INPUT DATA START

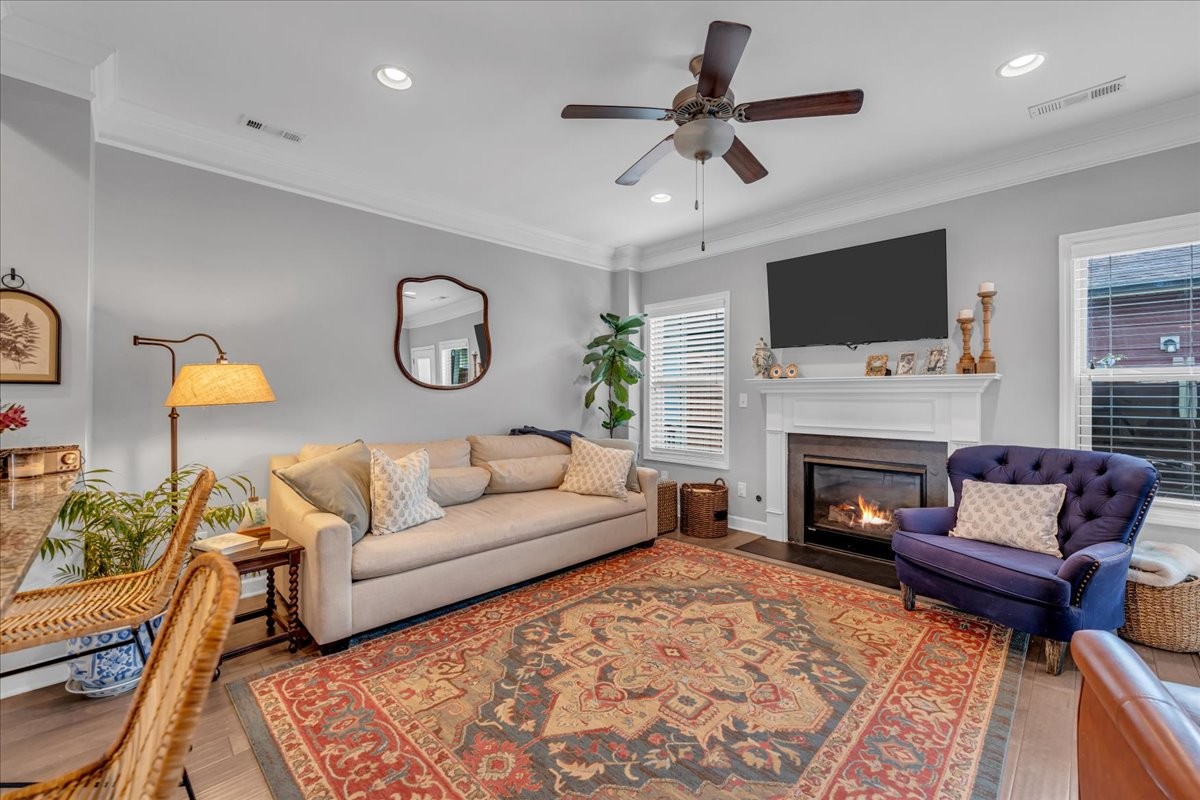 3111 Monrovia Dr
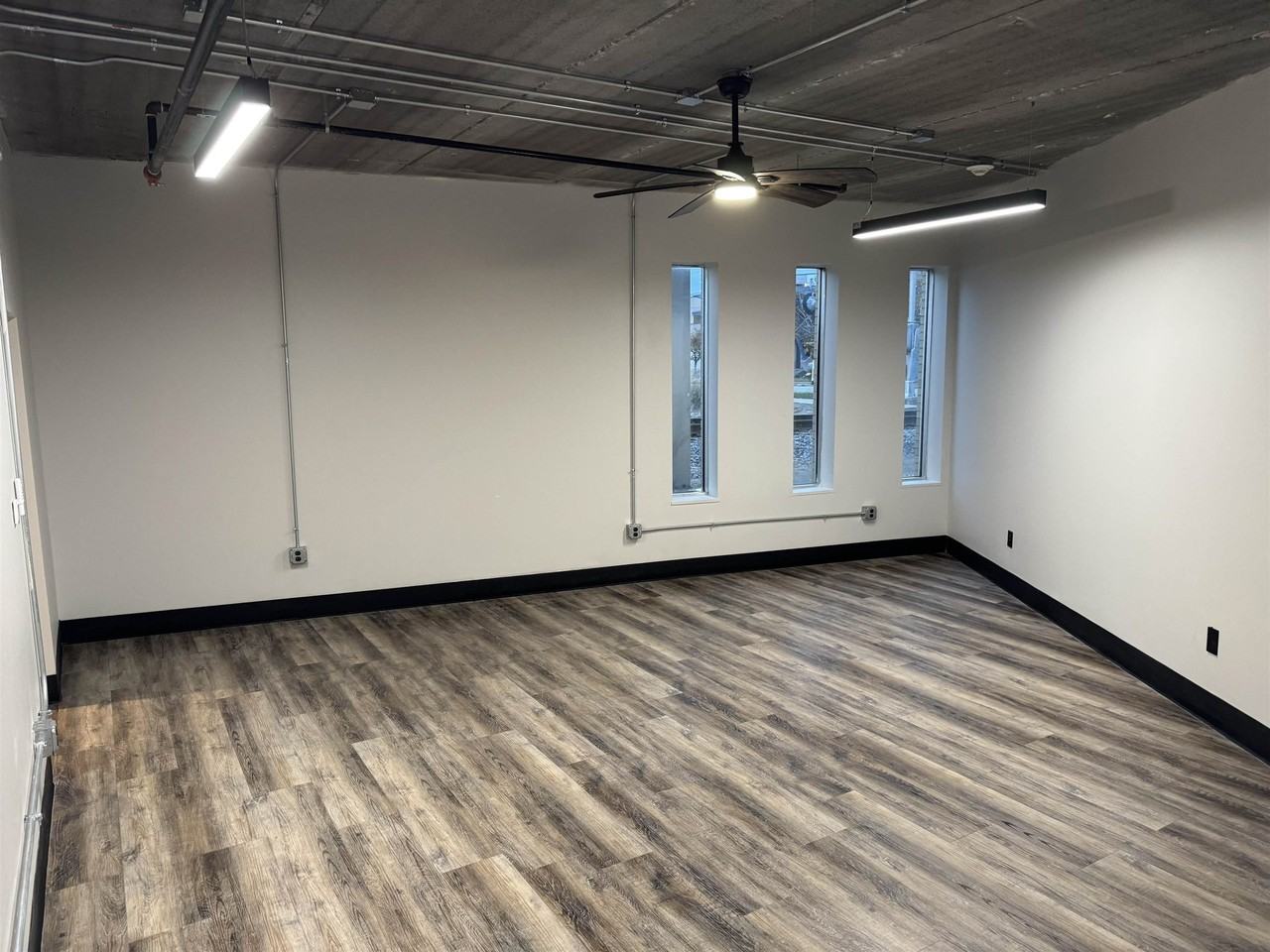 217 S Badger Ave #101 - Photo 6 of 14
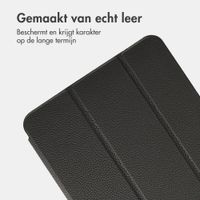 Accezz Leather Trifold Bookcase Apple iPad Pro 13 (2025) M5 / (2024) M4 - Zwart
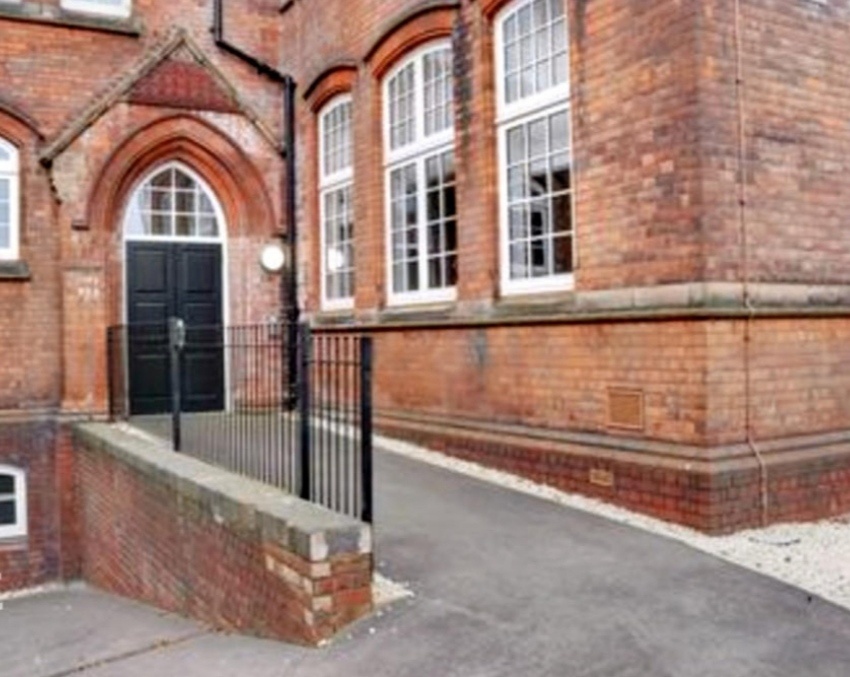 1 Bed Flat, Crocketts Lane, B66, N1 7GU photo 4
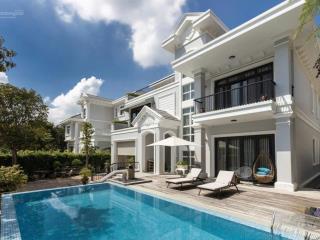 Cho thuê biệt thự đơn lập vip chateau phú mỹ hưng 580m2, 5pn có hồ bơi  0912 302 ***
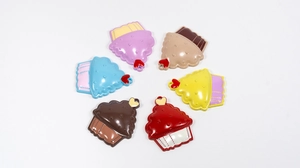 Pendentifs cupcakes colorés pour bijoux DIY avec petits détails de cœur et tons vifs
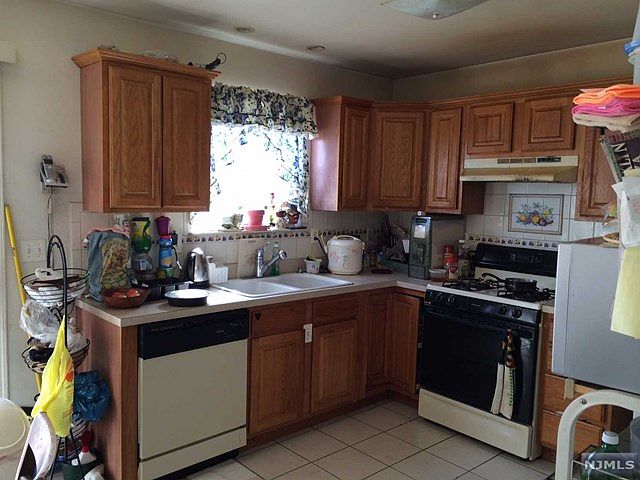 2nd image of 1175 Francyne Way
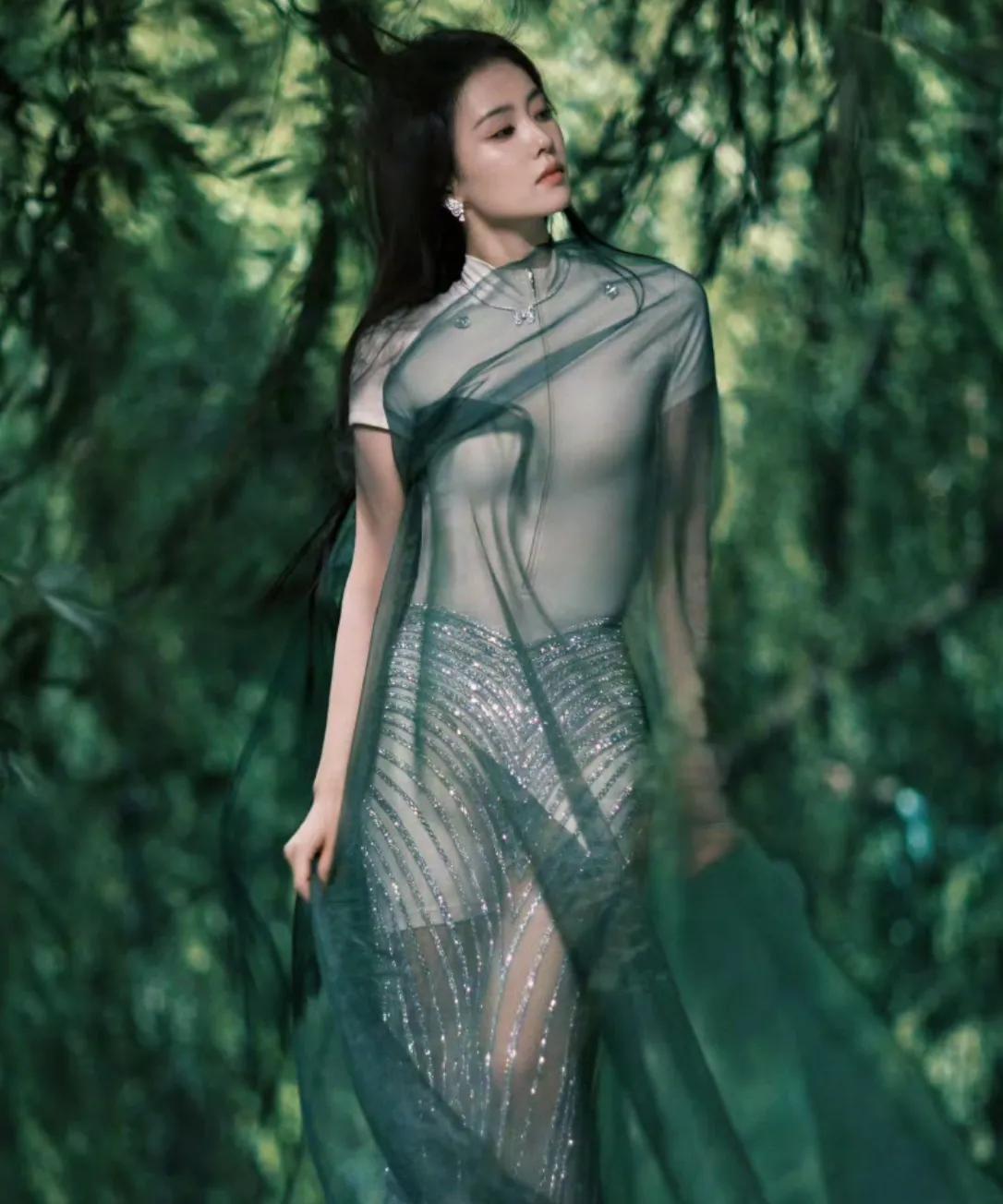 #白鹿说自己是欢娱影视CEO# 娱乐圈双璧之一的白鹿在综艺中饰演CEO角色，还说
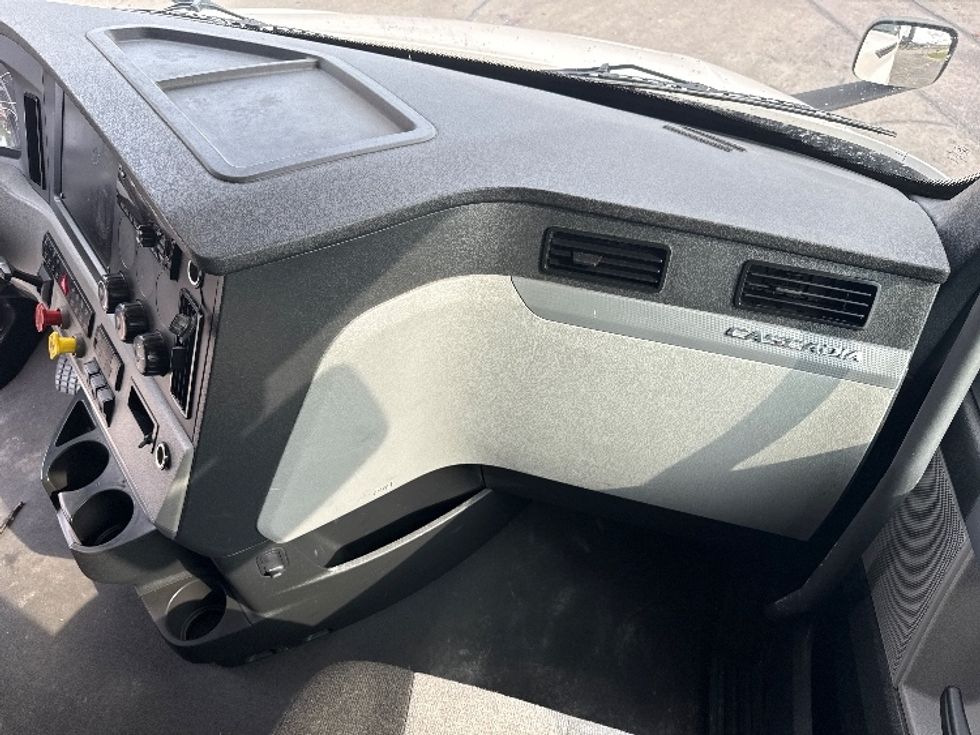 Sleeper Tractor-Heavy Duty Tractors-Freightliner-2021-T12664ST-Austin-TX-456,456\n\t\tmiles-$ 72,250 - Image 14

INPUT DATA END

- WHAT THIS TASK INVOLVES
Without including any picture, reproduce all of the material exactly.

- RESPONSE BELOW
 3111 Monrovia Dr
 217 S Badger Ave #101 - Photo 6 of 14
 Accezz Leather Trifold Bookcase Apple iPad Pro 13 (2025) M5 / (2024) M4 - Zwart
 1 Bed Flat, Crocketts Lane, B66, N1 7GU photo 4
 Cho thuê biệt thự đơn lập vip chateau phú mỹ hưng 580m2, 5pn có hồ bơi  0912 302 ***
 Pendentifs cupcakes colorés pour bijoux DIY avec petits détails de cœur et tons vifs
 2nd image of 1175 Francyne Way
 #白鹿说自己是欢娱影视CEO# 娱乐圈双璧之一的白鹿在综艺中饰演CEO角色，还说
 Sleeper Tractor-Heavy Duty Tractors-Freightliner-2021-T12664ST-Austin-TX-456,456\n\t\tmiles-$ 72,250 - Image 14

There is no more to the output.